By lowering the voting age to 16 we have an opportunity to teach our younger generations that what they think does matter. That they can make a change. Because the fact is, voting is pretty much a foreign concept to young people.
A chance to learn the importance of voting in school
Most of us had left school by the time it came to vote. Relying on instruction from our parents on where to go and what to do. And while the argument always is that parents have a responsibility to educate as much as our teachers, not every parent follows through on this.
Many parent’s stance is: what’s the point? If your parents don’t vote, it is unlikely they will encourage their children to. You also need to consider those young people without a parental figure in their lives.
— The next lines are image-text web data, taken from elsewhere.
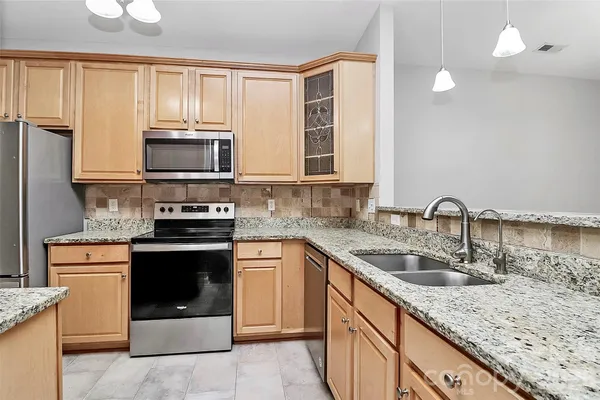 a kitchen with stainless steel appliances granite countertop a sink stove microwave and refrigerator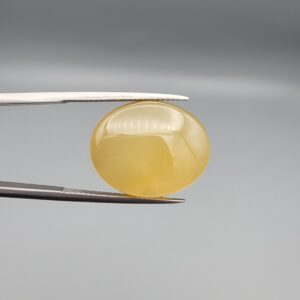Multi-angle macro photographs of a 19.69-carat natural yellow chalcedony agate (Zard Aqeeq) oval cabochon from Iran held in metal tweezers, showcasing a smooth, domed surface, uniform honey-yellow translucency, and a high-gloss finish.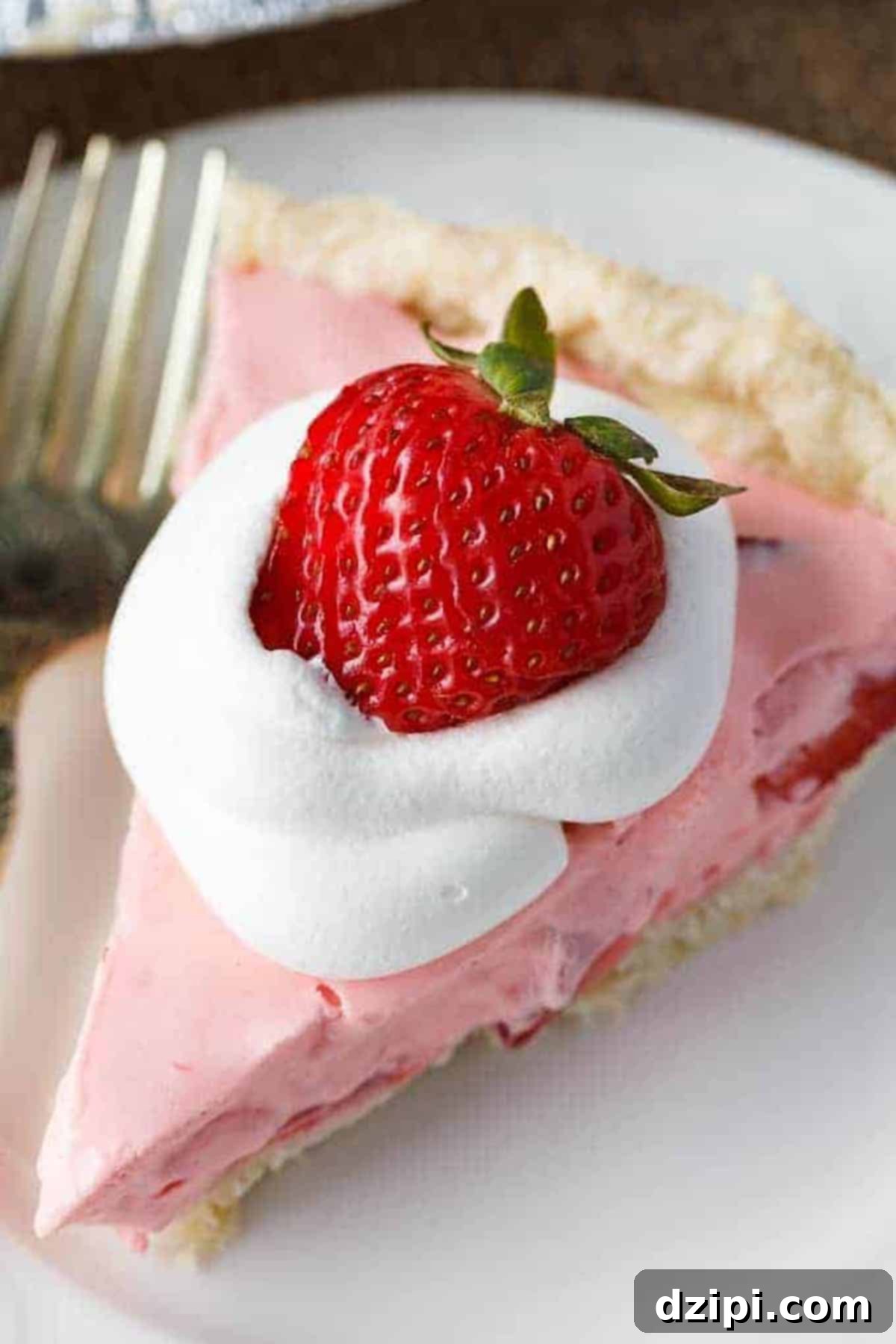 A tempting slice of pink strawberry cream pie, garnished with a swirl of whipped cream and a whole fresh strawberry, presented on a white plate.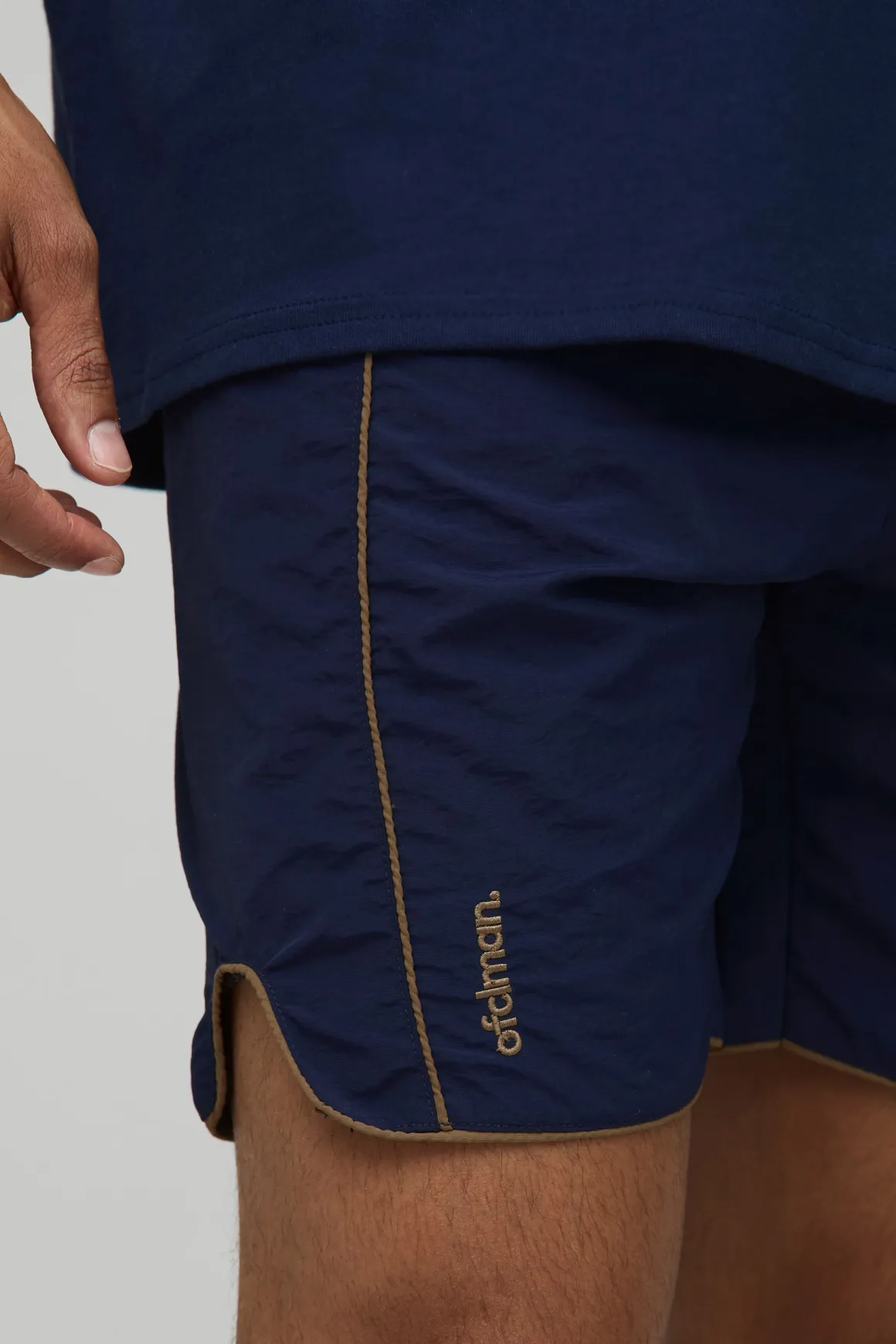 Shorts en nylon froissé à taille élastiquée avec passepoil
A bigger focus on voting education in schools gives everyone the opportunity to express their opinion. No matter who they vote for, even if they just leave their ballot card blank, they have made a statement. By lowering the age to vote to 16, it gives schools an opportunity to teach the importance of voting to children and lets them exercise their right to a say.
Young people are becoming more and more informed
To say young people don’t care about politics and are uninformed is simply unfounded. (Does no one remember the millibaes? Come on). With Twitter and other forms of social media, many young people are aware of the news before its covered on traditional news outlets.
In this day and age, there is almost no excuse to be uninformed on current affairs. With new information becoming available every second of every day, young people have access to an ever-expanding range of opinions and facts. Allowing them the ability to make their own informed political decisions.
They are the ones being affected
A more controversial stance is that 16-year-olds are going to be more affected by UK politics than their seniors. There would have been people a day away from being 18, unable to vote on their future. Yet people who won’t even see the effects of Brexit got out and voted.
While older people have the right to vote, so should 16 year olds. Young people care about politics. It’s as simple as that. We should be encouraging their participation in society from a younger age. Give them the opportunity to be taught in schools in an unbiased manner. Only then can we expect young people to get up and vote.